Yahya Kemal’in Nihat Sami Banarlı’ya armağan ettiği bu şiiri, sadece Moda’da oturup Üsküdar’ı tanımaya çalışan meraklı bir şairin izlenimleri şeklinde değerlendiremeyiz Bu mısralar aynı zamanda bir toplumda sosyal, ekonomik ve kültürel bir kopuşun hikâyesini de dile getirmektedir. Tıpkı Peyami Safa’nın “Fatih Harbiye”sinde anlatılanlar gibi. Bu şiirde de Moda ve Üsküdar semtlerinde farklı hayat tarzlarını yaşayanlar, şairin kendisinden hareketle karşılaştırılmaktadır. Bir başka deyişle, bu şiirde geleneklerini yaşamaya ve yaşatmaya çalışan halkla, kendi kimliğinden uzaklaşan zengin iş adamlarının, aydınların, bürokratların, siyasetçilerin arasındaki uçurum anlatılmaktadır.

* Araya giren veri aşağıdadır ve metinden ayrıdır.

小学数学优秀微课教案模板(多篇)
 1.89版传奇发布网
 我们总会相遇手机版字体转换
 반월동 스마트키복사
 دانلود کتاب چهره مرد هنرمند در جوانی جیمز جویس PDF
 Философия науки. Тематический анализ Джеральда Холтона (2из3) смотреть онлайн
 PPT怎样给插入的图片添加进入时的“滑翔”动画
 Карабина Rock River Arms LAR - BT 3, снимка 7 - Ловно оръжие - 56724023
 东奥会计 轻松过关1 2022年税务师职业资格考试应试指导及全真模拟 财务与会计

Uzun yıllar Paris’te kalan Yahya Kemal de bu sıkıntıyı birebir yaşayanlardan ve uçurumun kenarından “kökü mazide olan bir âtî”yim diyerek dönmeyi başaranlardan biridir.
***
Evet, sokaklar halkın sosyal, ekonomik, kültürel ahvalini bize bütün çıplaklığıyla gösterdiği gibi yalnız ve kimsesiz olanlara kucak açan şefkat yuvaları olarak da şiirimizde yer alır. Örnek mi istiyorsunuz, işte size, gelimli gidimli bu dünyanın “Çile”sinde yoğrulan “Kaldırımlar” şairinin şiirinden birkaç dörtlük:
Sokaktayım, kimsesiz bir sokak ortasında;
Yürüyorum, arkama bakmadan yürüyorum.
Yolumun karanlığa saplanan noktasında,
Sanki beni bekleyen bir hayal görüyorum.
…
Bana düşmez can vermek, yumuşak bir kucakta;
Ben bu kaldırımların emzirdiği çocuğum!
Aman, sabah olmasın, bu karanlık sokakta;
Bu karanlık sokakta bitmesin yolculuğum!
…
Uzanıverse gövdem, taşlara boydan boya;
Alsa buz gibi taşlar alnımdan bu ateşi.
Dalıp, sokaklar kadar esrarlı bir uykuya,
Ölse, kaldırımların kara sevdalı eşi…
Kaldırımlar şiiri 1928’de Hayat dergisinin 73. sayısında yayımlandığında, Necip Fazıl Kısakürek, henüz 24 yaşındadır ve bu genç şair için o yıllar, bunalımlı yıllardır. Yalnızlığını kelimelerin sırtına yükleyerek karanlık ve ıssız sokaklara doğru yürürken sokakların vazgeçilmezi olan kaldırımları da kendine mekân edinir. Kaldırımların kara sevdalı bir eşi gibi etiyle kemiğiyle sokakların malı olan bu yalnız adam, sokaklar kadar esrarlı bir uykuya dalarak kaldırımlarda ruhunu teslim etmek ister.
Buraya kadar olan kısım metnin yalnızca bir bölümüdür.